**** GIVEN RECORDS
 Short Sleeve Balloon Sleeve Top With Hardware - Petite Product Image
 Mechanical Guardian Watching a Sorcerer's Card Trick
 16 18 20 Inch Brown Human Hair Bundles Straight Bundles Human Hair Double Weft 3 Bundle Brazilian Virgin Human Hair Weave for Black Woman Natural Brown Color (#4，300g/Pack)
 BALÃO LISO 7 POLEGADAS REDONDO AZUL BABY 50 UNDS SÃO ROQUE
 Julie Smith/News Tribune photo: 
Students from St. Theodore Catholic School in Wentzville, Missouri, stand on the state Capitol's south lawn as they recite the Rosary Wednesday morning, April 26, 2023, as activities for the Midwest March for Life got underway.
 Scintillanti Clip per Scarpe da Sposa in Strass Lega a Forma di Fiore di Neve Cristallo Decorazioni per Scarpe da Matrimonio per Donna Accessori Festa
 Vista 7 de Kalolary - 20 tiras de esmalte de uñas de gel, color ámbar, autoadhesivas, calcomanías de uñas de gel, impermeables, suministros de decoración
********
**** GIVEN RECORDS
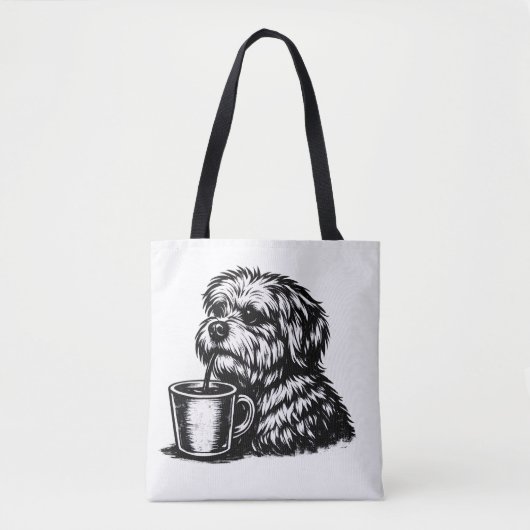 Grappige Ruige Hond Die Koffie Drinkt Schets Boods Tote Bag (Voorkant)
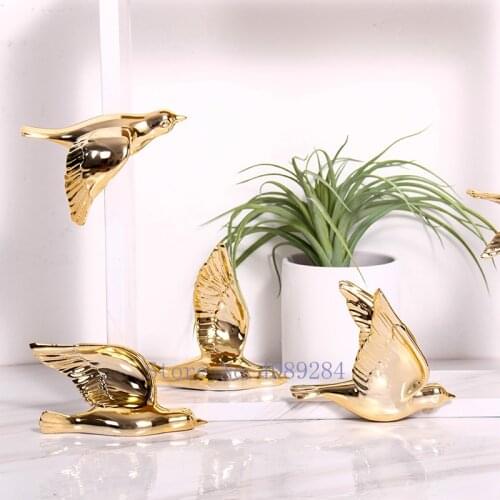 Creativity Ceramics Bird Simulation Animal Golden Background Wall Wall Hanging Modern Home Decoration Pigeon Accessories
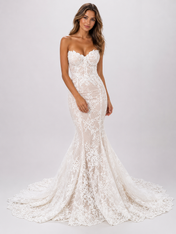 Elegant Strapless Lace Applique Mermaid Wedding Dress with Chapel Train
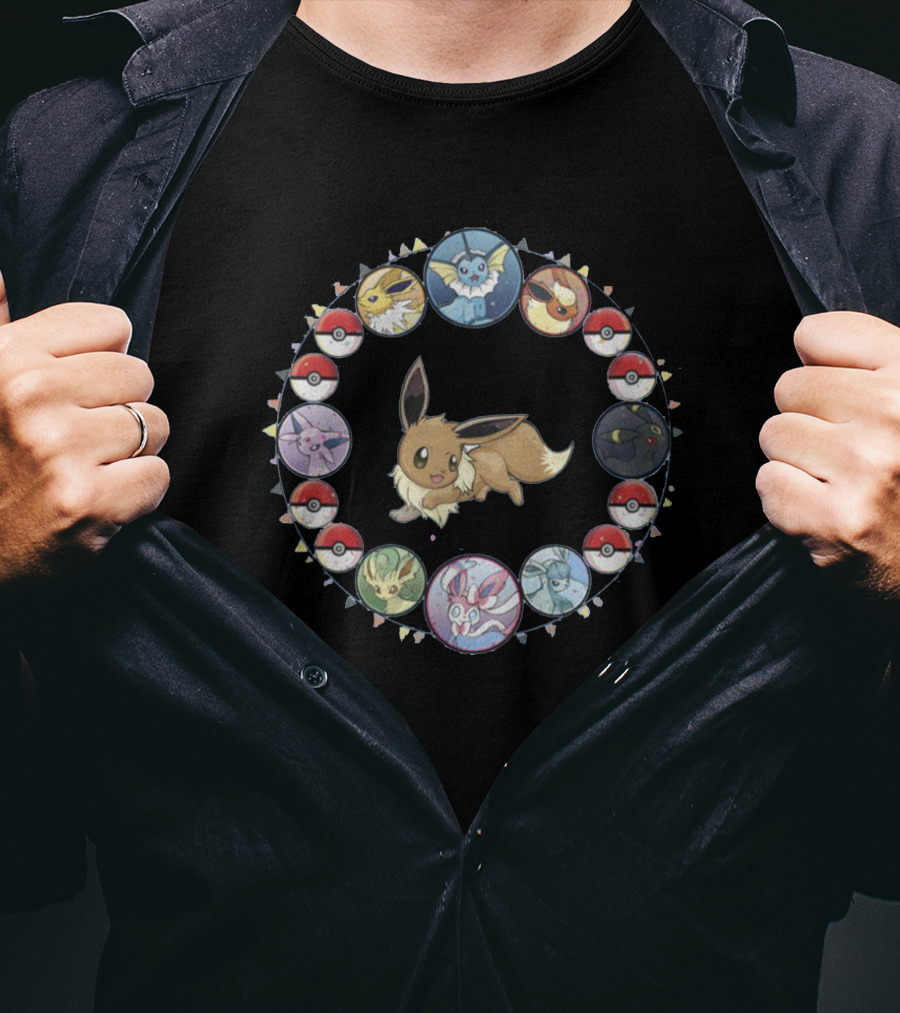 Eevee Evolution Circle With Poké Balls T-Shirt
********
**** GIVEN RECORDS
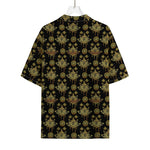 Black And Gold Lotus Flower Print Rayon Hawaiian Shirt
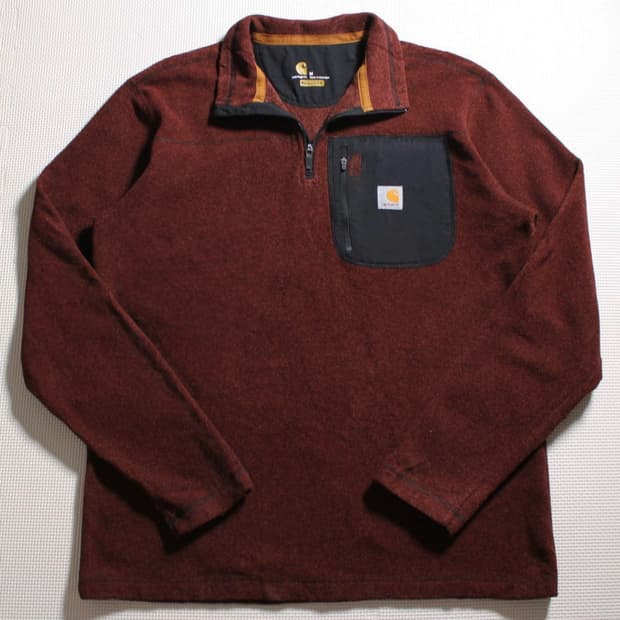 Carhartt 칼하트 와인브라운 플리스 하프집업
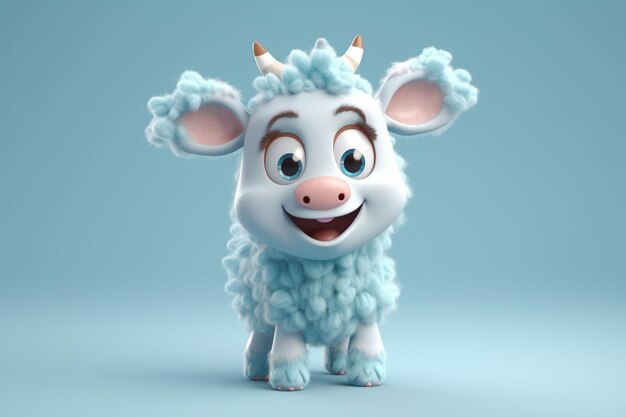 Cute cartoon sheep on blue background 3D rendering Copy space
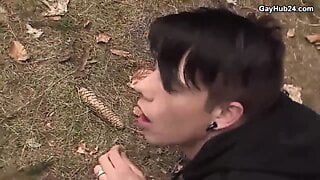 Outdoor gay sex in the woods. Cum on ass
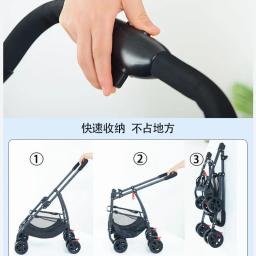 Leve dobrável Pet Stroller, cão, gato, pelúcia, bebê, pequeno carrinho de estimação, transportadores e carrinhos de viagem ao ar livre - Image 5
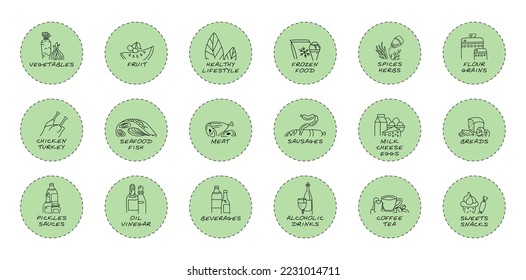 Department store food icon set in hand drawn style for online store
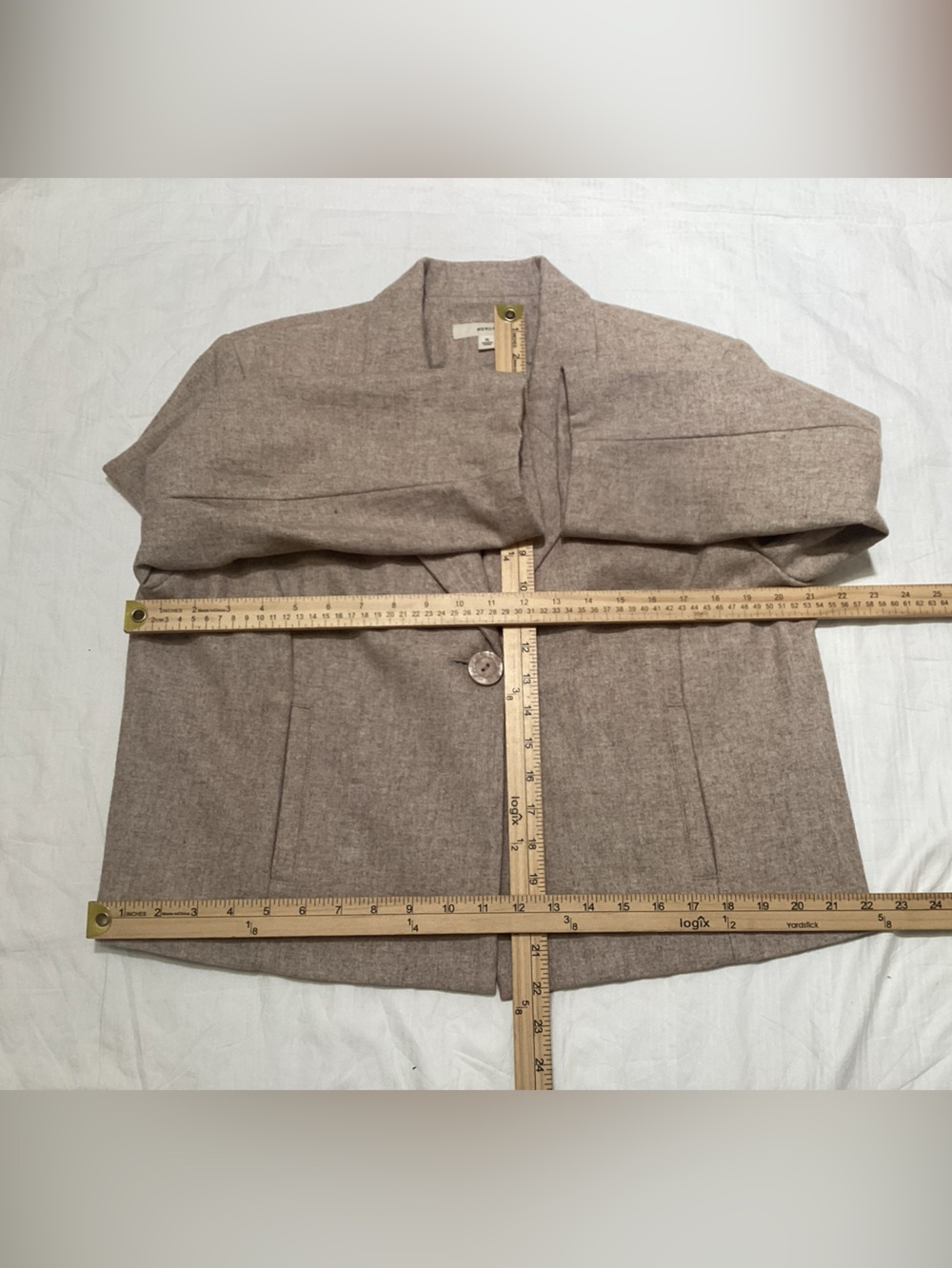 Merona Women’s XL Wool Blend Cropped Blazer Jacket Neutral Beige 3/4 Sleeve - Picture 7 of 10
********
→ **TASK BRIEF**
With the pictures left out, write out exactly the lines above from the one containing "Black And Gold" through the one containing "Merona Women’s XL".

→ **ANSWER BELOW**
 Black And Gold Lotus Flower Print Rayon Hawaiian Shirt
 Carhartt 칼하트 와인브라운 플리스 하프집업
 Cute cartoon sheep on blue background 3D rendering Copy space
 Outdoor gay sex in the woods. Cum on ass
 Leve dobrável Pet Stroller, cão, gato, pelúcia, bebê, pequeno carrinho de estimação, transportadores e carrinhos de viagem ao ar livre - Image 5
 Department store food icon set in hand drawn style for online store
 Merona Women’s XL Wool Blend Cropped Blazer Jacket Neutral Beige 3/4 Sleeve - Picture 7 of 10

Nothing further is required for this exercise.